With only about eight months to go before the end of its term, the Duterte administration is making belated moves to demonstrate that it is pursuing accountability for the thousands of lives of mostly poor Filipinos killed in the name of its brutal war on illegal drugs.
Last Sunday, Justice Secretary Menardo Guevarra announced that 154 policemen would be investigated for possible criminal liability for their involvement in anti-narcotics operations that led to the deaths of 52 suspects. “The DOJ noted that based on the facts gathered by the PNP (Philippine National Police) internal affairs service, the police officers involved in these cases were not only administratively liable; the existing evidence pointed to their possible criminal liability as well,” said Guevarra.
The erring policemen may be indicted for homicide or murder, added Justice Undersecretary Adrian Sugay.
Then on Tuesday, Guevarra said the Department of Justice had begun the examination of at least 100 operations conducted by the Philippine Drug Enforcement Agency that also resulted in the killing of drug suspects. The investigation will not end with the 154 policemen, stressed Guevarra, and that the DOJ will go “wherever the evidence will lead.”
“If in the course of the investigation it would appear that other persons were likewise involved in any capacity whatsoever, so be it. All persons against whom competent evidence will show a degree of culpability shall be made to account,” Guevarra declared.
All persons? The justice secretary, however, made no mention of the possible culpability of, say, President Duterte, who is on record as having encouraged the police time and again, through violent rhetoric, to “kill” drug suspects. What the President said on Aug. 6, 2016 was emblematic of the rhetoric he would repeat over the next five years: “My order is to shoot to kill you. I don’t care about human rights, you better believe me.”
The launch of the probe by the International Criminal Court against Mr. Duterte and cohorts for possible crimes against humanity may be having the salutary effect of now prodding the administration to shift its tone from the rabid defense of the President’s pet drug war to seeking some appearance of reckoning for police misconduct.
But that the administration seems suddenly fired up on this issue did not impress activists and human rights groups, who noted that the deaths being investigated are but a minute fraction of the staggering body count in the drug war.
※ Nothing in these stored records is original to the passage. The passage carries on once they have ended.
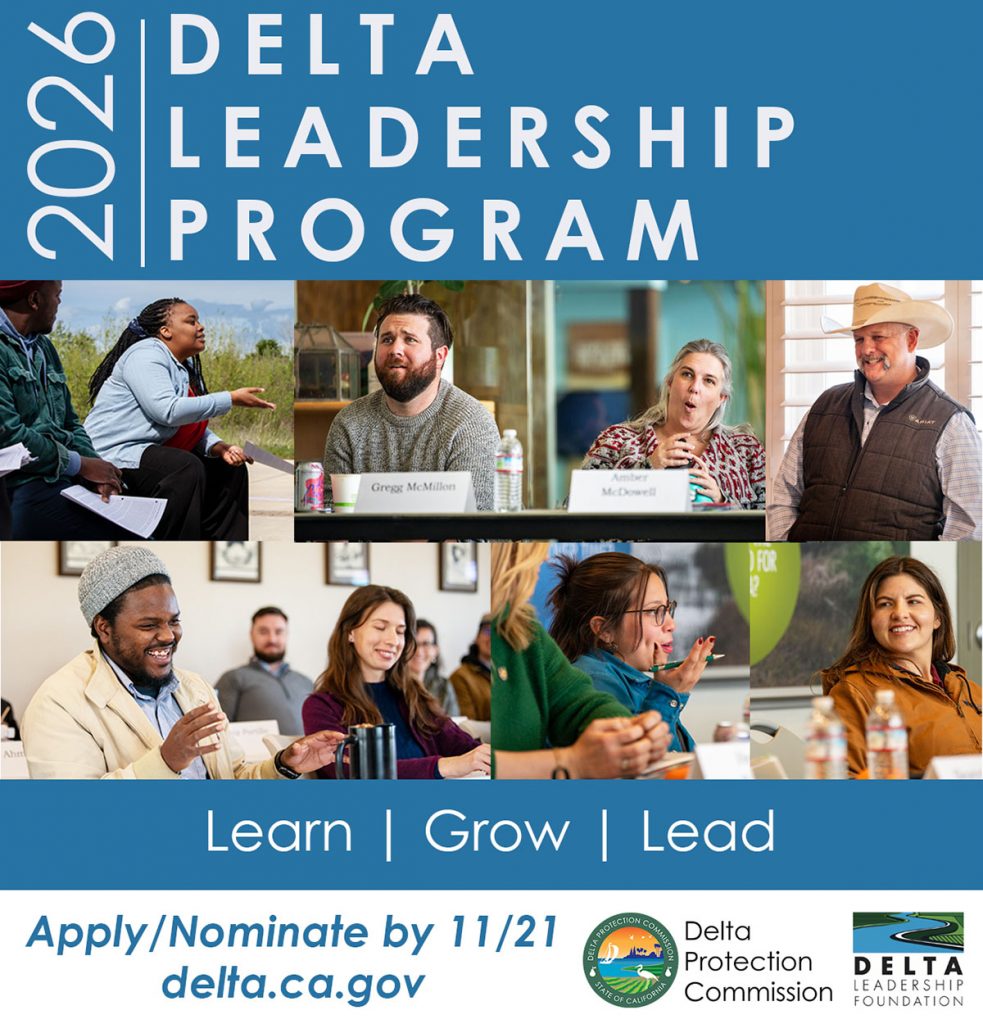 Promotional image for 2026 Delta Leadership Program - montage of people in animated discussion with program deadline and sponsor logos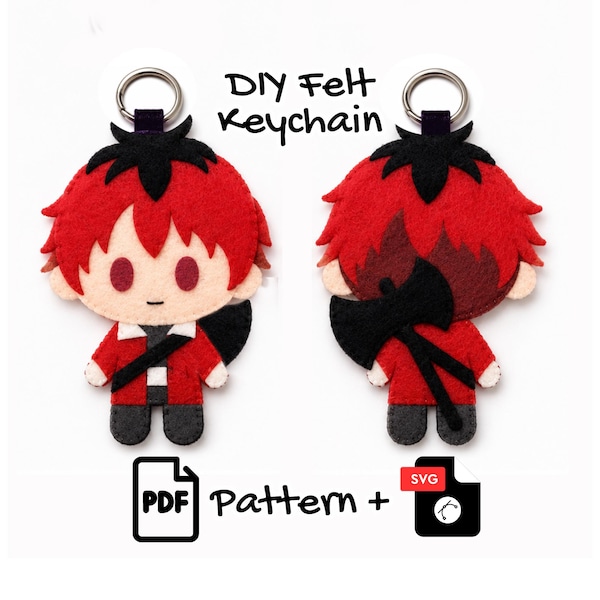 Stark Inspired Felt Keychain Pattern PDF & SVG | Anime Plush Sewing Tutorial | DIY Charm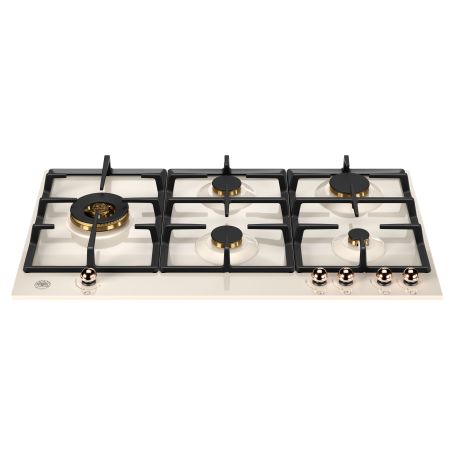 Plaque de cuisson BERTAZZONI Heritage 90 cm 5 feux gaz ivoire/cuivre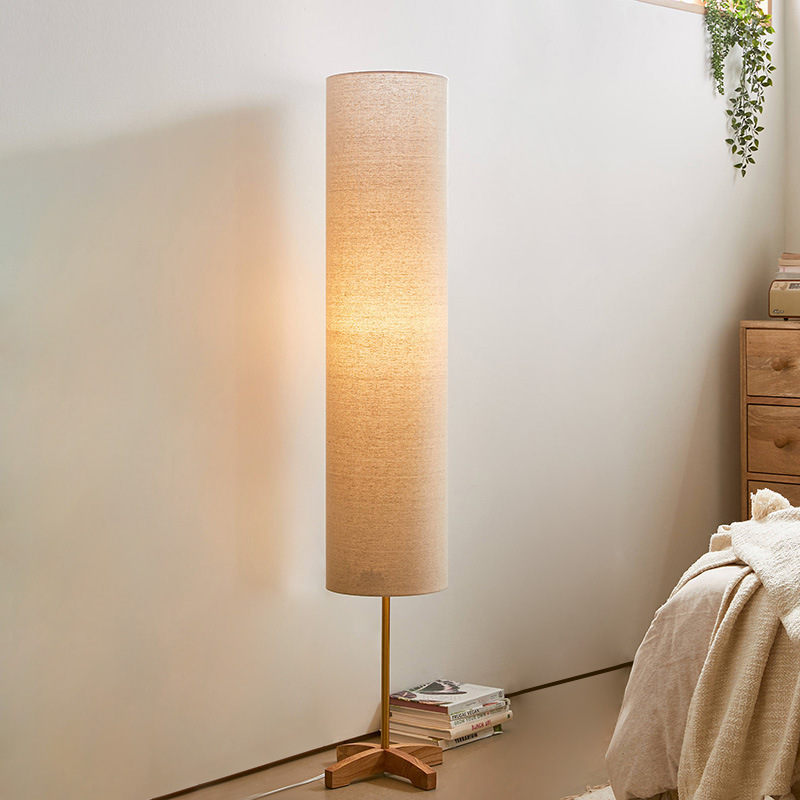 Japanese Style Living Room Bedroom Dining Room Homestay Tea Room Zen Study Room Sofa Next to Creative Solid Wood Vertical Floor Lamp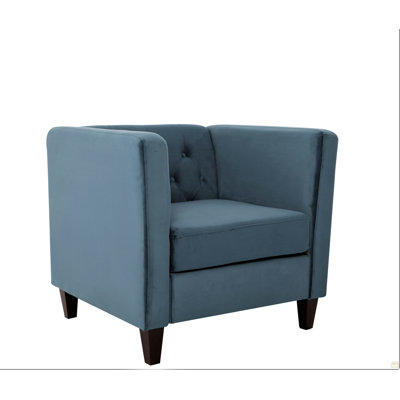 Modern Button Tufted Velvet Accent Chair, Square Arm Upholstered Chair with Tapered Wood Legs, Mid-Century Tufted Lounge Chair for Living Room Bedroom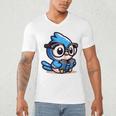 Adorable Book Lover Blue Jay With Reading Glasses Cute Raglan Baseball Tee Men's V-Neck T-Shirt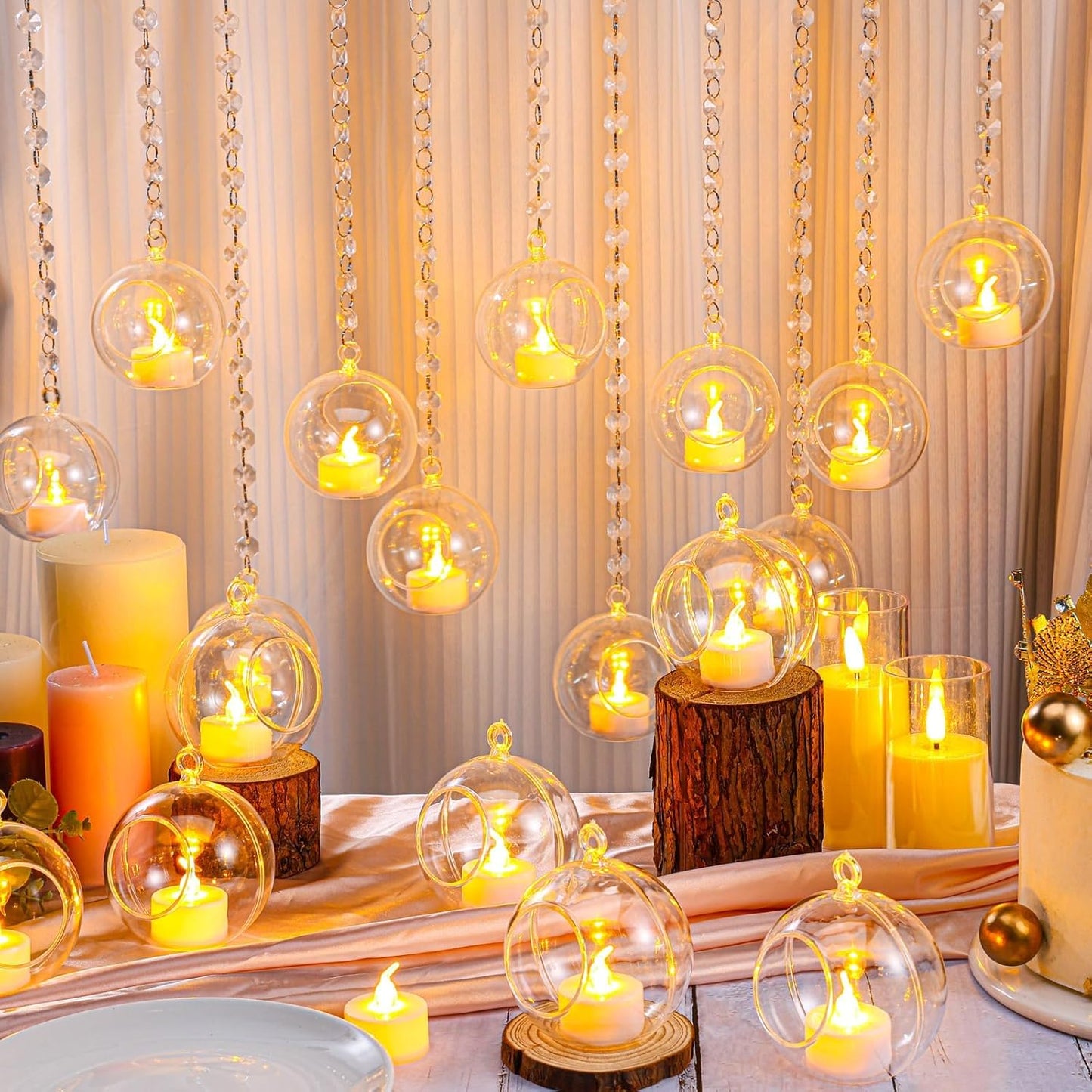 Booson 100 Pcs Hanging Candle Holder Glass Globes Orbs with Crystal Acrylic Gems Bead Garland Tea Lights Candles Holder for Wedding Party Tree Decor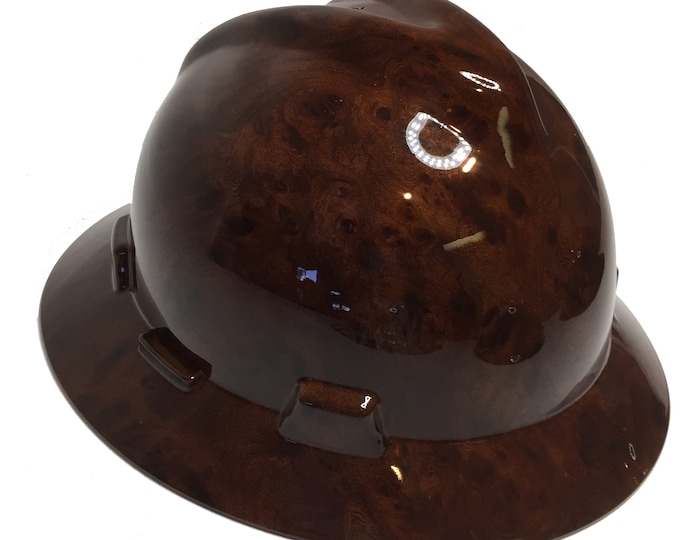 Hard Hat MSA V-Gard Full Brim Custom Dark Burlwood
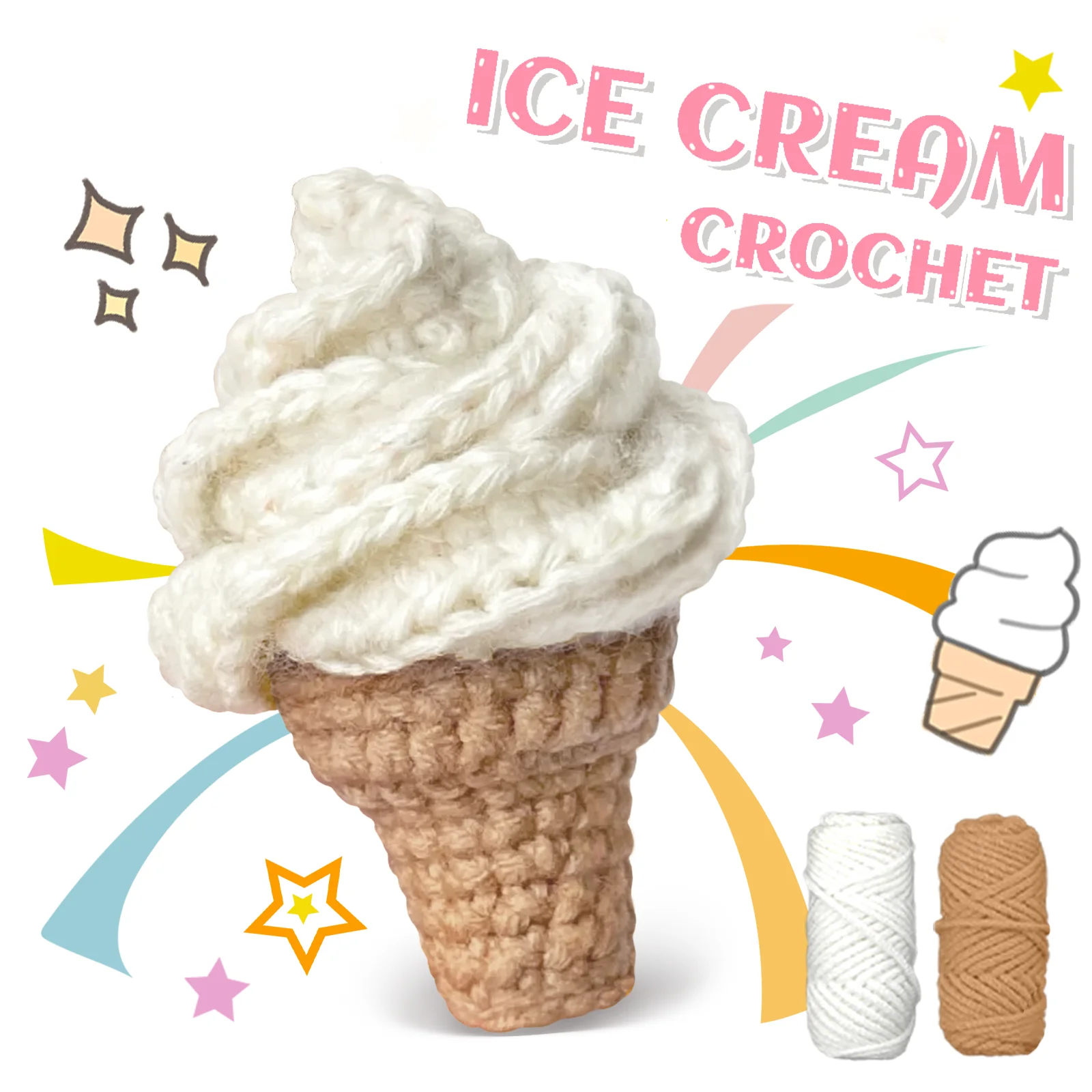 YAMAXIN Kit de ganchillo DIY para principiantes, juego de herramientas de fácil artesanía con tema de helado, proyecto de artes y manualidades de tejer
The number of cases cited by Guevarra was barely 0.9 percent of the total deaths based on the PNP’s own data, according to House Deputy Minority Leader and Bayan Muna Rep. Carlos Zarate. “Why limit the filing of cases to 52 killings of drug suspects only when the PNP itself admitted that there were 6,000 drug suspects, more or less, who were killed since July 1, 2016, in this bloody drug war?” asked Zarate.
The small number of cases to be examined was “highly unacceptable and may be interpreted as an attempt at ‘crime washing’ the culpability of law enforcement officers and their agents in the dubious ‘nanlaban’ narrative,” he added.
Calls to expand the investigation do have basis: The DOJ itself told the United Nations Human Rights Council (UNHRC) in February this year that more than half of the anti-drug operations it reviewed showed that the police “failed to follow standard protocols,” and had “asserted” the “nanlaban” to justify how suspects were killed after they supposedly “resisted arrest or attempted to draw a weapon and fight back.”
“Yet, no full examination of the weapon recovered was conducted. No verification of its ownership was undertaken. No request for ballistic examination or paraffin test was pursued until its completion,” Guevarra admitted to the UNHRC.
Human Rights Watch senior researcher for the Philippines Carlos Conde likewise dismissed the DOJ’s gestures as window-dressing. “All the fuss,” he said, was designed to show the world that the Philippines was doing something when “in truth, nothing significant has been done,” and that the DOJ’s belated probe is a mere “continuation of the Duterte administration’s attempt to misinform and mislead the international community about the situation in the Philippines.”
The DOJ’s pronouncements were particularly suspect, Conde pointed out, because these coincided with the session of the UNHRC and came just weeks after the ICC declared that it had authorized an official probe into the conduct of President Duterte’s centerpiece domestic policy.
The DOJ has only months to go to disprove such suspicions and show that it can conduct, at minimum, a thorough, credible probe that should go all the way to the top of the chain of command if need be. Can it do it? Guevarra may yet surprise the public, but at this point, weary citizens should be forgiven for not holding their breath.